The value of the McGrady move was more about what the Knicks could get rid of in return--departures Jordan Hill and Jared Jeffries (as well as Larry Hughes and Nate Robinson) were owed money in 2010 and beyond. The only number management looks for out of McGrady is zero, as in the amount of dollars the Knicks are scheduled to pay him next season.


If everything goes according to plan, McGrady may earn himself a Christmas card from Donnie Walsh next year. In it, Walsh will thank him for the role he played in the new winning culture surrounding the Knicks. If it were not for McGrady’s arrival and swift exit (after an injury-riddled half-season) none of the good times would have been possible.

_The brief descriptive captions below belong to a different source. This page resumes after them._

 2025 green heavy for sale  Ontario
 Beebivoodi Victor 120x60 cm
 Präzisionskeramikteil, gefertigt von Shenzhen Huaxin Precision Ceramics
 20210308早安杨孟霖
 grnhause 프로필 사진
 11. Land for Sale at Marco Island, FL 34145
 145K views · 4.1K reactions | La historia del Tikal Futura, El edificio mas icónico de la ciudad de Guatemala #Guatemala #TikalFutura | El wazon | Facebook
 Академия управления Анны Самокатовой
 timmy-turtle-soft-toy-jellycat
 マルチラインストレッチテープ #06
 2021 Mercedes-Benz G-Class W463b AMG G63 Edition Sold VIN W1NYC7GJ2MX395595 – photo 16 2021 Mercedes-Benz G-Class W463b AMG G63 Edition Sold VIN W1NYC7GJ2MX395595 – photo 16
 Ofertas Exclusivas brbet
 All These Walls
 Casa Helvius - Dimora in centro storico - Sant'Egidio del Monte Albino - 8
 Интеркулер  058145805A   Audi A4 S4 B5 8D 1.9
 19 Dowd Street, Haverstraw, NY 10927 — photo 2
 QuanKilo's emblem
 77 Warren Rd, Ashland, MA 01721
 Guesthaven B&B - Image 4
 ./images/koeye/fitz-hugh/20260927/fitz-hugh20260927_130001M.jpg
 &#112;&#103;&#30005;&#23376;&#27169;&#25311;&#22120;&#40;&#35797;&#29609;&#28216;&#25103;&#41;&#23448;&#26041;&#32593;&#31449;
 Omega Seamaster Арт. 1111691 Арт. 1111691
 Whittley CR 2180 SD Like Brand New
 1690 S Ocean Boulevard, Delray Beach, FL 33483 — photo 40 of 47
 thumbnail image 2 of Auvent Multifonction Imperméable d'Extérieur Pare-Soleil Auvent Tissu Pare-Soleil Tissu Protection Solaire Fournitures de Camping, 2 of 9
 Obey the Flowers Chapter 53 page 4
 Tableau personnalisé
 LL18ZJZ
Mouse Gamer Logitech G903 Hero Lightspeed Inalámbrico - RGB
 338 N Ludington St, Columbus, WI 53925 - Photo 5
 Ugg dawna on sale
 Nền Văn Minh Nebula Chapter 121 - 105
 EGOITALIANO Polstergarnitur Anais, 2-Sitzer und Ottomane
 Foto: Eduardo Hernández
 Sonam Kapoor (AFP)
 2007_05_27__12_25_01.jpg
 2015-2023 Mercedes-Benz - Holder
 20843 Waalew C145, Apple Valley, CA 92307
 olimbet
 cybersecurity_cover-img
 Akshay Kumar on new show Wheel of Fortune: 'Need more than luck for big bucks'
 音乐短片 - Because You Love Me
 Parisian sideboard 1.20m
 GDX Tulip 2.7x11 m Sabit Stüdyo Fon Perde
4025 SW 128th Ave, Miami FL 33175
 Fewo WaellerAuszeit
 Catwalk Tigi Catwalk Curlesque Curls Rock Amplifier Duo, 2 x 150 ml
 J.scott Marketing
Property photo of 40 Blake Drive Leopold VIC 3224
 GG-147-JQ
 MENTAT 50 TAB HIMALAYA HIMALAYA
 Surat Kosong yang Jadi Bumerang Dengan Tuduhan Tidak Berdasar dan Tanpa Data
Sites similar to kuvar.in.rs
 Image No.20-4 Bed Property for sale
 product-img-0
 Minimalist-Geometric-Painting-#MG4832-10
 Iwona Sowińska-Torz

For years, the organization has gobbled up expiring contracts like I used to collect Pogs.

That is the bright spot for a flailing team.

Rather than rebuild with youth, the business plan is to synchronize a mass-exodus; and Walsh has crossed his “T”s and dotted his “I”s to perfection. He has the dream of every team president--the ability to build a winner from scratch--in just his third year on the job.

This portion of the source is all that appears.